Re: [RFC PATCH 1/1] dmaengine: introduce dmaengine_bh_wq and bh helpers

From: Allen

Date: Thu Jan 08 2026 - 14:23:22 EST


> > Create a dedicated dmaengine bottom-half workqueue (WQ_BH | WQ_PERCPU)
> > and provide helper APIs for queue/flush/cancel of BH work items. Add
> > per-channel BH helpers in dma_chan so drivers can schedule a BH callback
> > without maintaining their own tasklets.
> >
> > Convert virt-dma to use the new per-channel BH helpers and remove the
> > per-channel tasklet.
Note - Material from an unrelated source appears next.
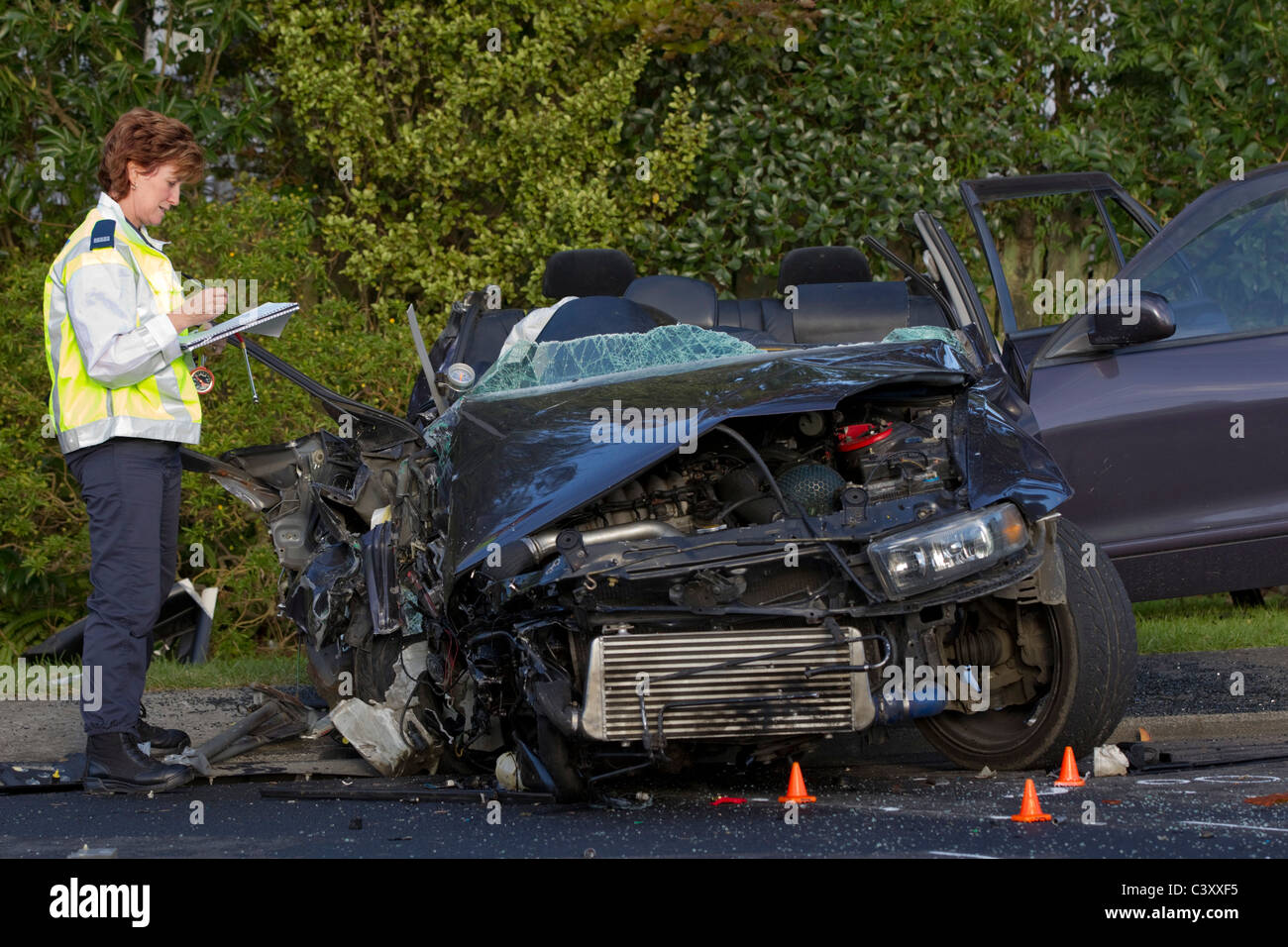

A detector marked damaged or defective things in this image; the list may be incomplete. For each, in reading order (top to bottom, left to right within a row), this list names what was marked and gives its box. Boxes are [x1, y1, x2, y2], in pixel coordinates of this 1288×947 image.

Update existing drivers that only need tasklet
> > teardown to use dma_chan_kill_bh().
> >
> > This provides a common BH execution path for dmaengine and establishes
> > the base for converting remaining DMA tasklets to workqueue-based BHs.
> >
> > Signed-off-by: Allen Pais <allen.lkml@xxxxxxxxx>
>
> Hi Allen,
>
> I agree that the dmaengine code should stop using tasklets here,
> but I think the last time we discussed this, we ended up not
> going with work queues as a replacement because of the inherent
> scheduling overhead.
>
> The use of this tasklet is to invoke the dmaengine_desc_callback(),
> which at the moment clearly expects to be called from tasklet
> context, but in most cases probably should just be called from
> hardirq context, e.g. when all it does is to call complete()
> or wake_up(). In particular, I assume this breaks any console
> driver that tries to use DMA to send output to a UART.
>
> It may make sense to take the portions of your patch that
> abstract the dmaengine drivers away from tasklet and have them
> interact with shared functions, but I don't think we should
> introduce a workqueue at all here, at least not until we
> have identified dmaengine users that want workqueue behavior.
>
> If your goal is to reduce the number of tasklet uses in the
> kernel, I would suggest taking this on at one level higher up
> the stack: assume that dma_async_tx_descriptor->callback()
> is always called at tasklet context, and introduce an
> alternative mechanism that is called from hardirq context,
> then change over each user of dma_async_tx_descriptor to
> use the hardirq method instead of the tasklet method, if
> at all possible.

Arnd,

Thanks for the feedback. My intent with WQ_BH was to keep callbacks in
softirq/BH context, but I agree the scheduling overhead and existing tasklet
assumptions are valid concerns.

I can re-spin the RFC to drop the workqueue entirely and keep
tasklet semantics,
while still abstracting tasklet handling into dmaengine helpers so drivers no
longer directly manipulate tasklets. That keeps
dmaengine_desc_callback_invoke()
in tasklet context and avoids breaking DMA users that rely on that behavior.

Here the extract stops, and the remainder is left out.